= TASK STATEMENT =
Each entry below should be retyped exactly, with nothing omitted.

(Stored dataset items)
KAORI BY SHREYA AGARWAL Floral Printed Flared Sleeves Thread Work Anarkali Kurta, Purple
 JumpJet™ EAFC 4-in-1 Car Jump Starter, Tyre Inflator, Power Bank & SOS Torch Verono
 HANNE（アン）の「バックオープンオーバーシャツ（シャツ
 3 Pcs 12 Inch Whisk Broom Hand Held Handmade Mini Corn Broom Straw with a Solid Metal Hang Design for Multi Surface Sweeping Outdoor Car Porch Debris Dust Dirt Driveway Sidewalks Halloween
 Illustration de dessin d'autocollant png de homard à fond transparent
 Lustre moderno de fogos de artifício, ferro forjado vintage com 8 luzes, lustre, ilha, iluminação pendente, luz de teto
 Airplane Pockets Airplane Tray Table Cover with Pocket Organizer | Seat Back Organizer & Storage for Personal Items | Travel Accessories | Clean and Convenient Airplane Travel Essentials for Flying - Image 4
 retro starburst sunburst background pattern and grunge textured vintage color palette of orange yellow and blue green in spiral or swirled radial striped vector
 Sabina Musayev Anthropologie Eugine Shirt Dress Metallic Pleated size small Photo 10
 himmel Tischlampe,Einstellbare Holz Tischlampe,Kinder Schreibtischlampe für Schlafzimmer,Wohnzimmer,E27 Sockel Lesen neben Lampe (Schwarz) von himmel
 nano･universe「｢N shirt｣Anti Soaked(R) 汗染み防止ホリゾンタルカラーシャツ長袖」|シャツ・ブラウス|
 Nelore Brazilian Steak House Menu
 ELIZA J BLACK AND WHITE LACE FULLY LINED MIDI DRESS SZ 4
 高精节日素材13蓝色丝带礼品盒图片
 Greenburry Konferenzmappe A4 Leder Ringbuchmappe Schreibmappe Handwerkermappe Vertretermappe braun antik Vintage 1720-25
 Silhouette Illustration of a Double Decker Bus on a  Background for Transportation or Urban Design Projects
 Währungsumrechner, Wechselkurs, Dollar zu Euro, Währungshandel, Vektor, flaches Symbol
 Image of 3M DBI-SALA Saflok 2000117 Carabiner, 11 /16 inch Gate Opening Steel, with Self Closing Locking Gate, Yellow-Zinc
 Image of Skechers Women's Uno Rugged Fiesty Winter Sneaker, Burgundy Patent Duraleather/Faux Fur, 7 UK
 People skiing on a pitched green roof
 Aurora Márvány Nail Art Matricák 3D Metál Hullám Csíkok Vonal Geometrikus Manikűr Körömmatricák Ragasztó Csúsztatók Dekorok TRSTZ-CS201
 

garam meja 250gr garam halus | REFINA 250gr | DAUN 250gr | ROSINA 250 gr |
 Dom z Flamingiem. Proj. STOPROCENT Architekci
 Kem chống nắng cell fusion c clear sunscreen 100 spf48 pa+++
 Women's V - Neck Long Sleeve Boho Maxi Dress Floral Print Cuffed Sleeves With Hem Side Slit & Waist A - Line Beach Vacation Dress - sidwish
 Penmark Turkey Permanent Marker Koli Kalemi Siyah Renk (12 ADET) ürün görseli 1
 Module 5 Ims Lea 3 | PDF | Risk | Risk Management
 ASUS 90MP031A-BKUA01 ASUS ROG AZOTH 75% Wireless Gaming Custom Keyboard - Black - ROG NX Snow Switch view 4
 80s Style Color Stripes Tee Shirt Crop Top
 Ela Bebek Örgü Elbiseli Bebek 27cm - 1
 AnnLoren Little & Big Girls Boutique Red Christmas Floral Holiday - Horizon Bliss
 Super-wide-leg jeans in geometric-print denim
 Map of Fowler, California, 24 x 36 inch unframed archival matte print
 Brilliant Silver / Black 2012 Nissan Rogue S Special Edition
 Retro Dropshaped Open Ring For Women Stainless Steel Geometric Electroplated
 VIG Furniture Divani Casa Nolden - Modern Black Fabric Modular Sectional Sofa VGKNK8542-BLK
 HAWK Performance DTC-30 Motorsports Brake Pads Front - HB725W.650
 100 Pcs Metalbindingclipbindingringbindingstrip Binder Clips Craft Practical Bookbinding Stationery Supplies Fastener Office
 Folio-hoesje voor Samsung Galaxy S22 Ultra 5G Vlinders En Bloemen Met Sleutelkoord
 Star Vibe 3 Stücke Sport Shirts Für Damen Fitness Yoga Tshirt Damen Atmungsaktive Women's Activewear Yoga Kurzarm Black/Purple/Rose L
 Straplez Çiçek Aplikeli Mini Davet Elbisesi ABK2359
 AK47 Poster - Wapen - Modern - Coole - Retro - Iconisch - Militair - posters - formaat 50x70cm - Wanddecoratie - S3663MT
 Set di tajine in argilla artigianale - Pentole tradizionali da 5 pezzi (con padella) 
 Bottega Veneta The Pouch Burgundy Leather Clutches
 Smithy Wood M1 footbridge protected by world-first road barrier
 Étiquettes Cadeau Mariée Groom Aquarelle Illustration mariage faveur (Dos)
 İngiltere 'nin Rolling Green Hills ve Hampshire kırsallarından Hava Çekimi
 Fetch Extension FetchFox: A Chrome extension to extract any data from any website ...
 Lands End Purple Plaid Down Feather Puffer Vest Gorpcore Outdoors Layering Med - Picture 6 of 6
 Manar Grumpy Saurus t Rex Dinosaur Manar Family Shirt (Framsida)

= ANSWER SPACE =
KAORI BY SHREYA AGARWAL Floral Printed Flared Sleeves Thread Work Anarkali Kurta, Purple
 JumpJet™ EAFC 4-in-1 Car Jump Starter, Tyre Inflator, Power Bank & SOS Torch Verono
 HANNE（アン）の「バックオープンオーバーシャツ（シャツ
 3 Pcs 12 Inch Whisk Broom Hand Held Handmade Mini Corn Broom Straw with a Solid Metal Hang Design for Multi Surface Sweeping Outdoor Car Porch Debris Dust Dirt Driveway Sidewalks Halloween
 Illustration de dessin d'autocollant png de homard à fond transparent
 Lustre moderno de fogos de artifício, ferro forjado vintage com 8 luzes, lustre, ilha, iluminação pendente, luz de teto
 Airplane Pockets Airplane Tray Table Cover with Pocket Organizer | Seat Back Organizer & Storage for Personal Items | Travel Accessories | Clean and Convenient Airplane Travel Essentials for Flying - Image 4
 retro starburst sunburst background pattern and grunge textured vintage color palette of orange yellow and blue green in spiral or swirled radial striped vector
 Sabina Musayev Anthropologie Eugine Shirt Dress Metallic Pleated size small Photo 10
 himmel Tischlampe,Einstellbare Holz Tischlampe,Kinder Schreibtischlampe für Schlafzimmer,Wohnzimmer,E27 Sockel Lesen neben Lampe (Schwarz) von himmel
 nano･universe「｢N shirt｣Anti Soaked(R) 汗染み防止ホリゾンタルカラーシャツ長袖」|シャツ・ブラウス|
 Nelore Brazilian Steak House Menu
 ELIZA J BLACK AND WHITE LACE FULLY LINED MIDI DRESS SZ 4
 高精节日素材13蓝色丝带礼品盒图片
 Greenburry Konferenzmappe A4 Leder Ringbuchmappe Schreibmappe Handwerkermappe Vertretermappe braun antik Vintage 1720-25
 Silhouette Illustration of a Double Decker Bus on a  Background for Transportation or Urban Design Projects
 Währungsumrechner, Wechselkurs, Dollar zu Euro, Währungshandel, Vektor, flaches Symbol
 Image of 3M DBI-SALA Saflok 2000117 Carabiner, 11 /16 inch Gate Opening Steel, with Self Closing Locking Gate, Yellow-Zinc
 Image of Skechers Women's Uno Rugged Fiesty Winter Sneaker, Burgundy Patent Duraleather/Faux Fur, 7 UK
 People skiing on a pitched green roof
 Aurora Márvány Nail Art Matricák 3D Metál Hullám Csíkok Vonal Geometrikus Manikűr Körömmatricák Ragasztó Csúsztatók Dekorok TRSTZ-CS201
 

garam meja 250gr garam halus | REFINA 250gr | DAUN 250gr | ROSINA 250 gr |
 Dom z Flamingiem. Proj. STOPROCENT Architekci
 Kem chống nắng cell fusion c clear sunscreen 100 spf48 pa+++
 Women's V - Neck Long Sleeve Boho Maxi Dress Floral Print Cuffed Sleeves With Hem Side Slit & Waist A - Line Beach Vacation Dress - sidwish
 Penmark Turkey Permanent Marker Koli Kalemi Siyah Renk (12 ADET) ürün görseli 1
 Module 5 Ims Lea 3 | PDF | Risk | Risk Management
 ASUS 90MP031A-BKUA01 ASUS ROG AZOTH 75% Wireless Gaming Custom Keyboard - Black - ROG NX Snow Switch view 4
 80s Style Color Stripes Tee Shirt Crop Top
 Ela Bebek Örgü Elbiseli Bebek 27cm - 1
 AnnLoren Little & Big Girls Boutique Red Christmas Floral Holiday - Horizon Bliss
 Super-wide-leg jeans in geometric-print denim
 Map of Fowler, California, 24 x 36 inch unframed archival matte print
 Brilliant Silver / Black 2012 Nissan Rogue S Special Edition
 Retro Dropshaped Open Ring For Women Stainless Steel Geometric Electroplated
 VIG Furniture Divani Casa Nolden - Modern Black Fabric Modular Sectional Sofa VGKNK8542-BLK
 HAWK Performance DTC-30 Motorsports Brake Pads Front - HB725W.650
 100 Pcs Metalbindingclipbindingringbindingstrip Binder Clips Craft Practical Bookbinding Stationery Supplies Fastener Office
 Folio-hoesje voor Samsung Galaxy S22 Ultra 5G Vlinders En Bloemen Met Sleutelkoord
 Star Vibe 3 Stücke Sport Shirts Für Damen Fitness Yoga Tshirt Damen Atmungsaktive Women's Activewear Yoga Kurzarm Black/Purple/Rose L
 Straplez Çiçek Aplikeli Mini Davet Elbisesi ABK2359
 AK47 Poster - Wapen - Modern - Coole - Retro - Iconisch - Militair - posters - formaat 50x70cm - Wanddecoratie - S3663MT
 Set di tajine in argilla artigianale - Pentole tradizionali da 5 pezzi (con padella) 
 Bottega Veneta The Pouch Burgundy Leather Clutches
 Smithy Wood M1 footbridge protected by world-first road barrier
 Étiquettes Cadeau Mariée Groom Aquarelle Illustration mariage faveur (Dos)
 İngiltere 'nin Rolling Green Hills ve Hampshire kırsallarından Hava Çekimi
 Fetch Extension FetchFox: A Chrome extension to extract any data from any website ...
 Lands End Purple Plaid Down Feather Puffer Vest Gorpcore Outdoors Layering Med - Picture 6 of 6
 Manar Grumpy Saurus t Rex Dinosaur Manar Family Shirt (Framsida)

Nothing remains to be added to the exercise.